The next section gives a literature review of works done using KNN principle and the description of our methodology. Discussion of our results and observations is given in Section 3 and possible areas of future works and conclusion is highlighted in Section 4.

MATERIALS AND METHODS

Literature

KNN has gained its place in diverse areas of studies; sciences, business, medicine, and in solving on-line and social networks, speech, text and image recognition problems. Its generalization principle uses an appropriate distance function to induce measures on the locations of instances of the train data-set from a test data-point; study results have shown it is most adept for data-sets with 3-to-4 classes [5].
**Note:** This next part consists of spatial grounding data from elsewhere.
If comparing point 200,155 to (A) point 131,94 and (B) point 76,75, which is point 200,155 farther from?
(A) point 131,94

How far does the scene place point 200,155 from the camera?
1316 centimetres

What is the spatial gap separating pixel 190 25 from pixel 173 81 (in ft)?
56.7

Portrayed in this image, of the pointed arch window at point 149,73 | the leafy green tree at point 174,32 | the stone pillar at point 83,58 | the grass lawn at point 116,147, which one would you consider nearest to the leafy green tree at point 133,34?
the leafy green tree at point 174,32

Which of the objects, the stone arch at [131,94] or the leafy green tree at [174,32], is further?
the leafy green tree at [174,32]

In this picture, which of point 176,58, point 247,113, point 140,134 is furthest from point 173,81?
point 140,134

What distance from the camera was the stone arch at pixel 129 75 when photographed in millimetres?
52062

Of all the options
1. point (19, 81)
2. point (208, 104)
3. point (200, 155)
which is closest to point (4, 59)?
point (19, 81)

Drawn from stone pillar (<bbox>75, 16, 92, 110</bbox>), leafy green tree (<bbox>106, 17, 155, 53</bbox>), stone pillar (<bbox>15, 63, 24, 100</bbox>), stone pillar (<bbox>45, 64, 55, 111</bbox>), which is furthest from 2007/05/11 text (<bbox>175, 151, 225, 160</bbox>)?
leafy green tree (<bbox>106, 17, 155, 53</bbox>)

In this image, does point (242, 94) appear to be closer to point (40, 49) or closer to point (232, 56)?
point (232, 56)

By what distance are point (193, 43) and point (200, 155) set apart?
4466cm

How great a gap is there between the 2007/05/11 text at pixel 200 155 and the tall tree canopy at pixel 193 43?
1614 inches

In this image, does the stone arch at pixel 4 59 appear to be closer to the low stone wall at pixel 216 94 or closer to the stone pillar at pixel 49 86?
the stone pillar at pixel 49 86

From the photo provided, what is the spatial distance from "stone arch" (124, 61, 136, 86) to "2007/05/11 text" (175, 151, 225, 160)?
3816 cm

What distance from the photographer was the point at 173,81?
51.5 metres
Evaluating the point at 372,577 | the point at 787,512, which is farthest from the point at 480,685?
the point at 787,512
The efficacy of machine learning algorithms in solving any supervised or unsupervised learning problem greatly depends on the algorithm’s approach and the data structure under study [5,6], KNN is a non-parametric algorithm, easy to implement, modify and extend.
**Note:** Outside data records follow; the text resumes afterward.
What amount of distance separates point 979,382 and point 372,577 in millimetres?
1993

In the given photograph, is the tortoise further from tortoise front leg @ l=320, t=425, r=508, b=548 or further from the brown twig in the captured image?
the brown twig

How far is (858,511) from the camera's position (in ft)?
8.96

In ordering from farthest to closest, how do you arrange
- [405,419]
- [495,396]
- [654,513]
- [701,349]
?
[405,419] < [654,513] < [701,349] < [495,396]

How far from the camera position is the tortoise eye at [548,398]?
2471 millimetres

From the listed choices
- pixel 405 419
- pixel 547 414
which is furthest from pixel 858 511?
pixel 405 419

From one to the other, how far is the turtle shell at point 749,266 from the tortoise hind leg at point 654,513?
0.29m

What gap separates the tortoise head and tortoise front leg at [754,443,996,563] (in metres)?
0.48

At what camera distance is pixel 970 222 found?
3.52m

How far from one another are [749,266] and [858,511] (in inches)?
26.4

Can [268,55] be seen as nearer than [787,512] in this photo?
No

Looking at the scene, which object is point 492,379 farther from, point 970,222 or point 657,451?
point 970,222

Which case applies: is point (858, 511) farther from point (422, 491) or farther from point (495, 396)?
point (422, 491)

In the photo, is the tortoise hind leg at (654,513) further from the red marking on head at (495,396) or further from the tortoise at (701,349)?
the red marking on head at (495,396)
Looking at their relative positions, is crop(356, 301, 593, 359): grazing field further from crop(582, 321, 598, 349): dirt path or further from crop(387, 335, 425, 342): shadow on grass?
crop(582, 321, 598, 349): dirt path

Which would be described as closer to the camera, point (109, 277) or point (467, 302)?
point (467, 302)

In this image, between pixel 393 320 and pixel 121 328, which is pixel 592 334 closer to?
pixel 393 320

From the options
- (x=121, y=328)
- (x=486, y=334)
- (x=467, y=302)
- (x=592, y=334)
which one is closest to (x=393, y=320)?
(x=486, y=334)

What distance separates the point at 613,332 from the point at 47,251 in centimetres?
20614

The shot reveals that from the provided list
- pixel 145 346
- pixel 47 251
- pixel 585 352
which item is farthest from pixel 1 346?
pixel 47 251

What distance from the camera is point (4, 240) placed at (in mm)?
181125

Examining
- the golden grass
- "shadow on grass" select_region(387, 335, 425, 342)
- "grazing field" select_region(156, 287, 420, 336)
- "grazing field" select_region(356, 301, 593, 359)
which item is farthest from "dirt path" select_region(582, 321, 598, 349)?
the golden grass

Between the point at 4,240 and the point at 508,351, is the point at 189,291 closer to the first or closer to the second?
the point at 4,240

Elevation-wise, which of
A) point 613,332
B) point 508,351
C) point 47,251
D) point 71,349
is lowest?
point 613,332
In general, it is advantageous to conceptualize individual objects (e.g. genotypes) as elements existing in a multidimensional space, this way, geometric classification techniques can be applied to create homogeneous groups by building data from the structure of correlated groups in the multidimensional space [7]. Data structure plays vital role in solving classification problems, sometimes, it renders the data insensitive for analysis by either hiding or camouflaging important details in the data-set. Different approaches exists that can be applied to select objects (e.g. gene) from a genomic data-sets, Leping et al., in [8] explored KNN with Genetic Algorithms as an approach for the generation of predictive gene subsets.
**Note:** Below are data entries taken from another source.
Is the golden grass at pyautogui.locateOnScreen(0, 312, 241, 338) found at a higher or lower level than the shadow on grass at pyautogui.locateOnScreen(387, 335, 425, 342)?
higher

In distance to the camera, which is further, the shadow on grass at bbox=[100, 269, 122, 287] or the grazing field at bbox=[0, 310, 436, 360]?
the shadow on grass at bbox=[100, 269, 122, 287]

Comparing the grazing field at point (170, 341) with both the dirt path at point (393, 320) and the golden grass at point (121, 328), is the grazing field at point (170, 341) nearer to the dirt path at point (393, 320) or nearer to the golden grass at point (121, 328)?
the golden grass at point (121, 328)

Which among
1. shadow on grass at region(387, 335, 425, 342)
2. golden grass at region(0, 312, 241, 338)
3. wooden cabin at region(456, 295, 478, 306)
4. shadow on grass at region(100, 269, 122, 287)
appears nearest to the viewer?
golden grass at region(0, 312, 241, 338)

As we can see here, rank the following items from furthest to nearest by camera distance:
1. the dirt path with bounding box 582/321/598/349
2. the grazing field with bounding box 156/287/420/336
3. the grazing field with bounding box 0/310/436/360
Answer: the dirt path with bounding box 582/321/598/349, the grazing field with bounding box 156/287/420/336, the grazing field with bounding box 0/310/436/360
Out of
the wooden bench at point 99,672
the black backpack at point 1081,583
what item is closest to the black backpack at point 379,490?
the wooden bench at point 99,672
Application of dimensionality reduction or feature extractions to a data-set reduces the number of features in the data-set which in turn enhances the usage of the resulting data-set while eliminating the possibilities of over fitting problems. In [9], multilabeling based on identifying the KNNs of training set in instances of test set was presented, it further showed how such exercise can be used to predict yeast gene functionality, assign labels to unseen images in natural scene classification problems and solve web page automated categorization problems, similar idea was presented in [10] for image recognition.

Similar to DNA sequence alignment, structural proteomics was studied in [11]. The study achieved grouping and predicting of new proteins based on structure alignments of the distance matrices obtained by 2D representation of protein’s tertiary structures.

Sundry studies about phylogenetic tree constructions, node connections in social and biological network systems utilize different forms of distance functions [12,13]. The results of such studies can be extended for classification or predicting purposes if supplemented with the generalization principles of KNN.

This study utilized, Jackknife sampling procedure to constitute elements of the training and corresponding test datasets. The importance and reasons as to why and when Jackknife technique can be used were presented by [14]. The method was applied for feature selection and classification in [15].

Methodology

The data-set used for this study was obtained from the Bio Bank of Beaumont Reference Laboratory and was the output of a Surface Enhanced Laser Desorption/Ionization time-offlight (SELDI-TOF) discovery proteomics laboratory experiment carried out on saliva. The experiment was designed to assess differential protein expression sin saliva donor samples for the purpose of identifying protein biomarkers for Alzheimer’s disease (AD). Three populations of patients were studied consisting of age-matched controls without any evidence of dementia (CON), patients with mild cognitive impairment (MCI) and patients with clinical symptoms of Alzheimer’s disease (tAD).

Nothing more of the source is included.